The chosen one maintained her dance composure as she hovered in a slow twirl fifteen feet above her friends. Every night, a select half dozen dancers got the privilege.
Sinclair doubted that she would ever become accustomed to the spiders as she strolled on pass the dance floor. She headed down a spiral set of steps into a VIP lounge.
Amazingly, the sound amplification hit a sonic buffer wall, and the atmosphere of the lounge changed completely from the frantic exuberance of the main floor to a sedate ambiance that was much more to her liking.
Down a side hall, she shuffled up to the double set of doors at the far end, IDed with her open palm, and the doors swept open.

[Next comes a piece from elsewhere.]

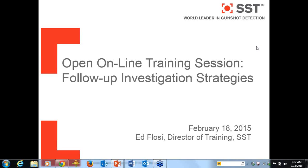Good morning again, everybody. My name is Ed Flossie, and I am the Director of Training at SST, which is the company that provides ShotSpotter for you.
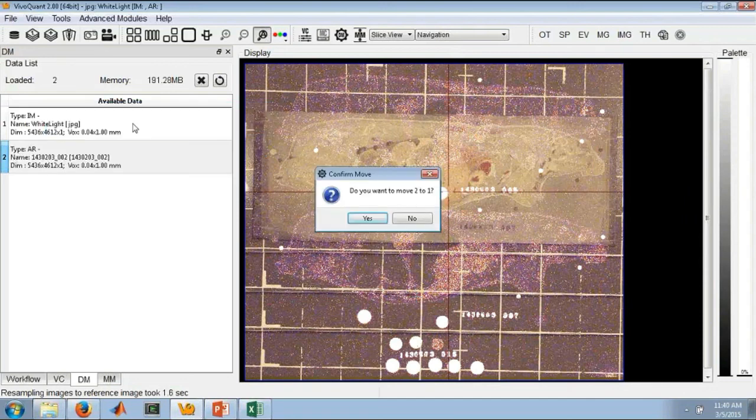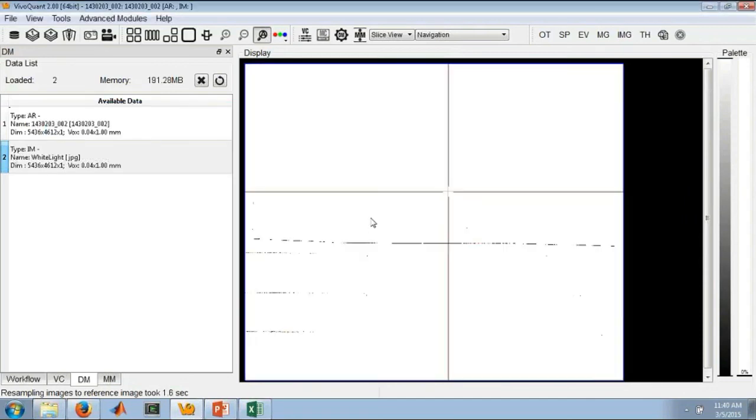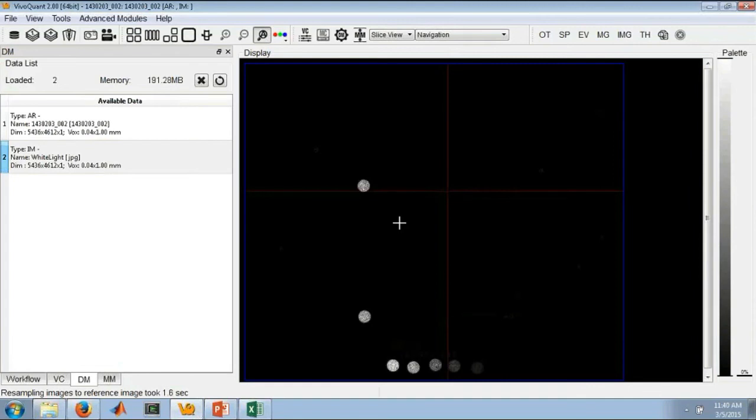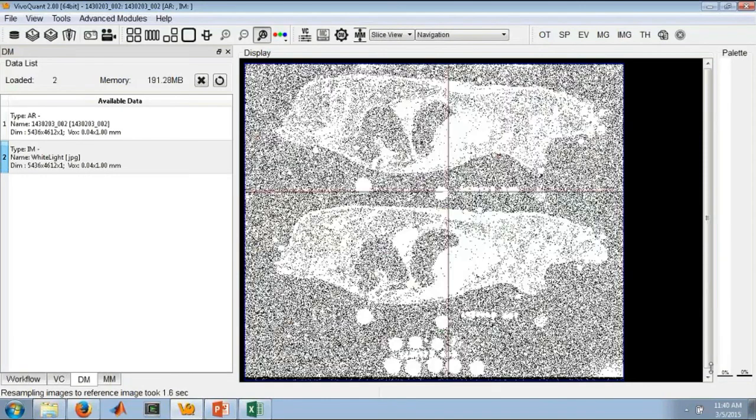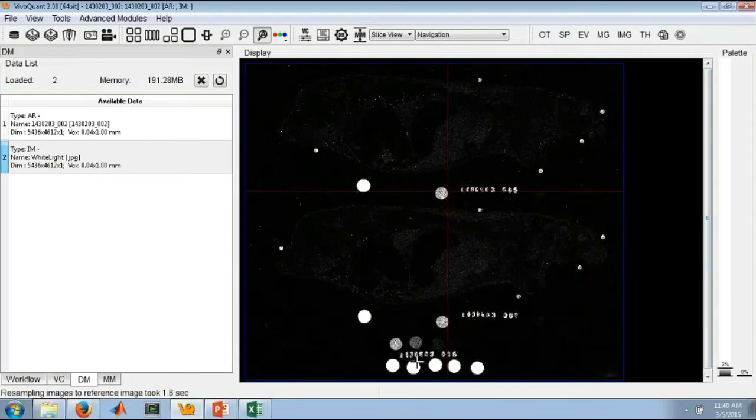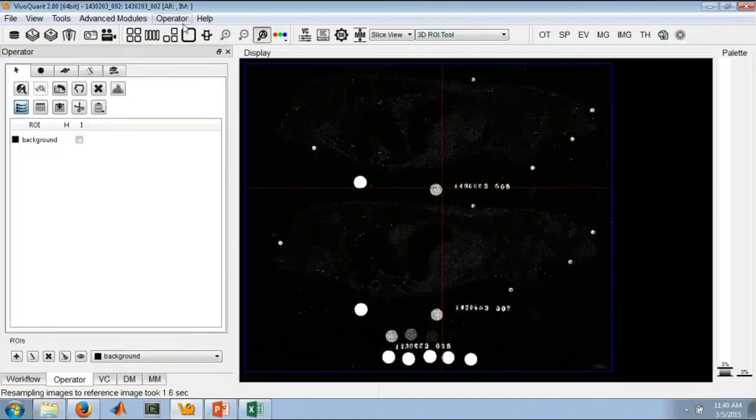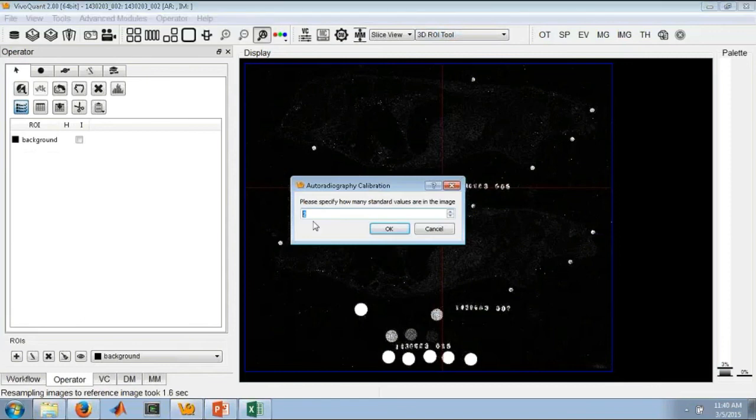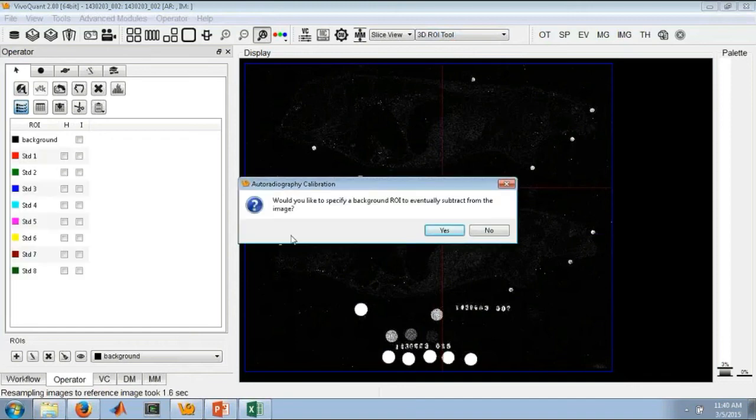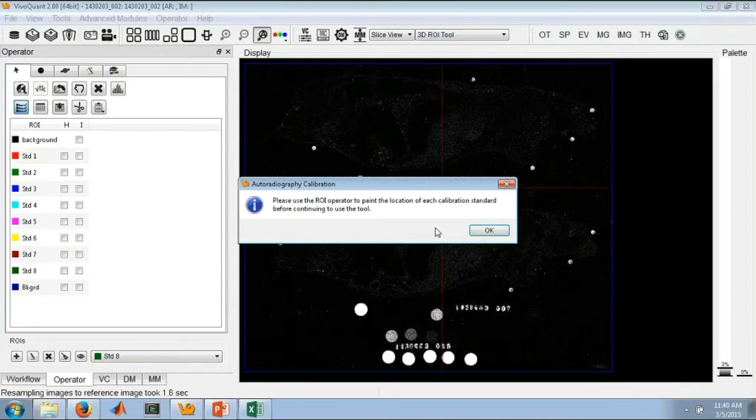We'll quickly make the autorad data the reference. Now you can see it here. We have our calibration standards at the bottom. If we go into the 3D ROI tool, we've added in this operator menu an autoradiography calibration option. This tool, brand new. First thing it will do is ask me how many calibration standards I wish to use. In this case, I'll just say eight. And then if I also want to use a background ROI, I'll say yes. Now here we just use our pre-existing 3D ROI tool to place the regions on the standards.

Holding himself confidently with his feet propped up as he sat in a chair in her office foyer, the gentleman smiled at her through recently broken teeth.
He held a dark rum based drink, mixed from her private stash, in his hand.
Sinclair chortled.
"Hello, Chicco. Long time no see."
Francisco Sala shifted his legs in a slightly self effacing maneuver, but even still, the handsome bastard still came across as cocky.
"Sin," he called her, "I could use a huge favor from you."
Sinclair shut the double doors behind her and turned back to face him with a wide grin. She thought about what she was about to do to him.
"I bet you could, but it is going to cost you."